SHARE Lend an ear for latest news on growing corn

Summer would be incomplete if wonderful sweet corn were not available. While it is in season in my garden, the menu each night includes corn and whatever else we decide to have with it. The long golden ears kissed by the summer sun are a treat that cannot be equaled. Our surplus is frozen or canned, but it never approaches the glorious flavor of the tasty, fresh, right-from-the-garden ears.

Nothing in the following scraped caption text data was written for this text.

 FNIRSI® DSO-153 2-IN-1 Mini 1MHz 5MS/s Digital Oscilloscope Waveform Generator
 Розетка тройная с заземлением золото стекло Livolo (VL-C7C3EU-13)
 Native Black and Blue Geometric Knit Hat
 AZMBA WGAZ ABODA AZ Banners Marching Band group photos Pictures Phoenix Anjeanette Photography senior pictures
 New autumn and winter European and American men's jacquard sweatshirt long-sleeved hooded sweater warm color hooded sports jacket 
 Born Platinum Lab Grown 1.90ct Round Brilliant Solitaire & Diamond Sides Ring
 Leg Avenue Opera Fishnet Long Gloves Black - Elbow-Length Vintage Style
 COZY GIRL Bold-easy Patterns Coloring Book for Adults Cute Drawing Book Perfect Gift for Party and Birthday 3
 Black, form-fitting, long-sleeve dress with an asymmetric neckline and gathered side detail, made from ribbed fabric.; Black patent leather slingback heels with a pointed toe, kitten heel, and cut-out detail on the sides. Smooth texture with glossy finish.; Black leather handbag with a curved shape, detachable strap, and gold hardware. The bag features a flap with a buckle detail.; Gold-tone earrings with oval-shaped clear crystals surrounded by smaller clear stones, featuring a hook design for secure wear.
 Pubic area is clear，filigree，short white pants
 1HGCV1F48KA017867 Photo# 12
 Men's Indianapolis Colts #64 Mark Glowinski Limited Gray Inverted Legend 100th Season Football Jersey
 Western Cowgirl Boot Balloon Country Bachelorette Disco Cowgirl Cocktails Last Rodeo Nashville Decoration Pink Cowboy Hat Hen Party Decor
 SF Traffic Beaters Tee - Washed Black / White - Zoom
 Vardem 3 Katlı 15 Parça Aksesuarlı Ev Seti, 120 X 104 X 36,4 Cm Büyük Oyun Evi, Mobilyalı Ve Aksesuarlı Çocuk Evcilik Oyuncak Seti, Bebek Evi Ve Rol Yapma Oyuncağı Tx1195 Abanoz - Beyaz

Corn is one vegetable that is not for every garden. It is one of the leading crops in America, so corn has been highly studied and researched. In terms of productivity it takes more room than most other vegetables. The problems comes because each plant produces a maximum of one or maybe two ears. Once they produce those ears there are no more. Many vegetables produce again and again, but the corn takes so much space, many gardeners with small plots learn to depend on local growers or trusted family friends to provide them with the tasty treats they desire. Even so, the effort to find a spot to plant a small corn patch will provide you with unrivaled taste.Plant breeders have made more progress with corn than with any other plant. The original research of large-scale hybridization took place with corn and continues unabated. Each year more and more new varieties are introduced, and each is supposed to have something better than others that you are now growing. The real test comes with the growing of that variety or, in other words, the proof is in the ear.

Popular standard corn varieties include Earlivee, Golden Jubilee and Earlipack. These are all yellow varieties. They must be cooked and eaten soon after picking because the sugars start to turn to starch within 30 minutes. Consequently they lose quality rapidly once they are harvested.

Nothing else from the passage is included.